“We have to clean and sweep not under but over the carpet”, says retired Supreme Court Judge Miriam Ben-Porat on the decisions that sent Hirschson and Benizri into incarceration. Former Tel Aviv District Attorney objects: The punishment for the former Treasury Minister is too lenient, and does not get the message across.
In one day, two former Israeli government ministers are being sent to jail: Avraham Hirschson was handed down a sentence of five years and five months. Shlomo Benizri received a harsher sentence of 4 years in prison. In a conversation with Ynet, legislators fighting against corruption approve of the sentence, but there are some who claim that it should have been stiffer. Former State Comptroller, retired Supreme Court Judge Miriam Ben-Porat wonders: “Who knows how many more Hirschsons there are?”
Ben Porat expressed satisfaction with the legal decisions:
“It’s good that punishment is meted out and we show that everyone is equal. Someone with a senior position should have to pay even more. Hirschson was trusted with Treasury funds and engaged in transactions for the entire country. He should have been purer than pure. It is unfortunate, he gave at least an outward impression of a man who cares, who fights for Holocaust survivors”.

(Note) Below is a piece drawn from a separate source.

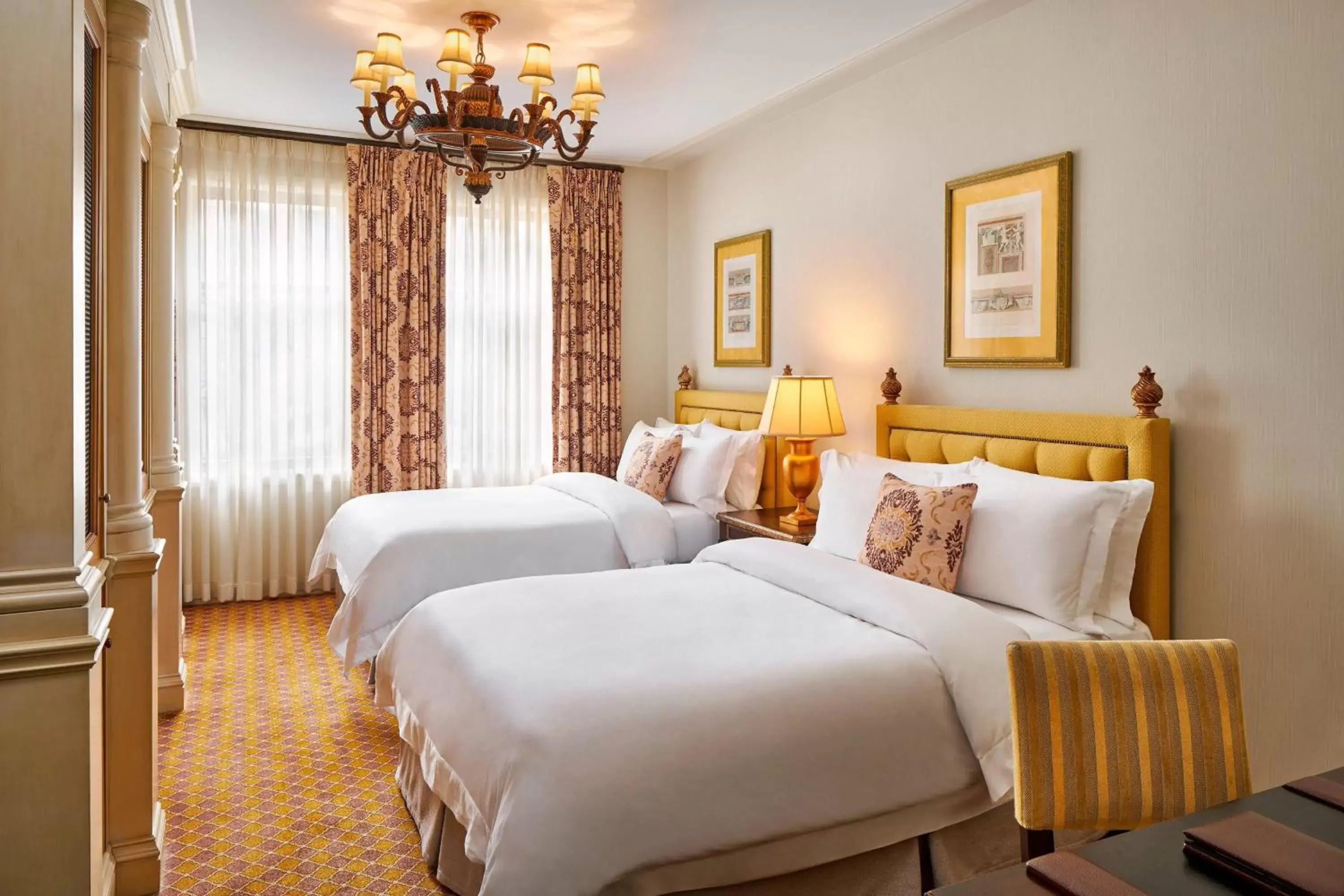 Photo of the whole room, Bed in The St. Regis Washington, D.C.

She states that corruption “should be cleaned and swept – not under but over the carpet, and that’s what we’re doing now. It is difficult to know how many did not receive the punishments they deserve, because you can only conduct legal proceedings when there is evidence. Just bringing someone to trial is already a deterrent. There is still a great deal of work to be done, but matters are being dealt with as they should – with the necessary severity – and I welcome that, states Ben-Porat.
Judge Bracha Ofir-Tom referred at length to the corruption issues in Hirschson’s verdict and expressed surprise that “the same image of a good man and benefactor could turn into the image of someone who steals public funds together with his subordinates to support “the good life” he and they have become accustomed to as a lifestyle. Was it just drunken power that changed the accused’s view of the the world? Or was it unlimited greed combined with the atmosphere of neglect that took over the organization whose actions no one any longer oversaw?”
At the comptroller’s office it is said that “today the Court clearly expressed the importance of the struggle against public corruption. The comptroller’s office, which has been spearheading the Hirschson scandal from its very first stages, will continue in the struggle against public corruption, and for morality in the country, not excluding those at the top of the pyramid and including all enforcement officials. The comptroller’s office has proclaimed its views more than once, that only a process of proper investigation, followed by legal trial and severe punishment – all immediately following commitment of the crime – will help to cleanse society from the corruption that has affected it.
Retired judge Dalia Dorner is satisfied by “the appropriate legal rulings”, and believes that “they deserve retribution, not in terms of revenge, but in terms of public denunciation of acts of this kind. Fraud and theft have been with us from biblical times, but when it involves public figures, the punishment should be severe. Denunciation is most important and therefore you must take into account that a light punishment may suggest that the crime wasn’t really that bad. God help us if we broadcast that kind of message”.
In the Hirschson case, prosecution demanded a sentence of at least 7 years incarceration for the Treasury minister, who was convicted of stealing milllions, but the judge ruled a lesser sentence. The State has not yet announced whether or not it will appeal. However, then senior prosecutor in the Tel Aviv District Attorney’s office, Adv. Miriam Rosenthal, claims that that are good reasons for this: “He did not express his regret, and the difference between his sentence and the others’ is too slight,” she stated to Ynet.
“The District Court gave heavy consideration to Hirschonson’s personal circumstances,” Rosenthal added. “The punishment is fairly lenient, particularly when the other defendants, who confessed in a plea bargaining and did not waste the Court’s time – and did not spend the funds as Hirschson did, received sentences of up to five years. An extra six months is a light addition.”
When he harshened Ben Izri’s sentence, one of the Supreme Court Judges, Edmond Levy, wrote: “The rising corruption among Israeli governing authorities necessitates the action of setting a higher price…to cope with this affliction and to deter others. Words of admonishment are no longer enough. It’s time to take action.”
Adv. Rosenthal agrees that the punishment in the Ben Izri case is meant to deter – as punishments up to now have not been sufficent. “Ben Izri is not a victim,” she stresses. Despite this, there wasn’t enough in Hirschson’s conviction to get a message across.
And what’s next? Rosenthal sees a link between the two cases only in their involving two public figures who have transgressed – because their crimes are different. Ben Izri accepted a bribe; Hirschson stole. “In my opinion, the prosecution will not link these two cases. If they appeal, it will be due to the comparison between those charged and convicted in a plea bargaining and a man who was convicted after he denied the charges and went through with a trial”.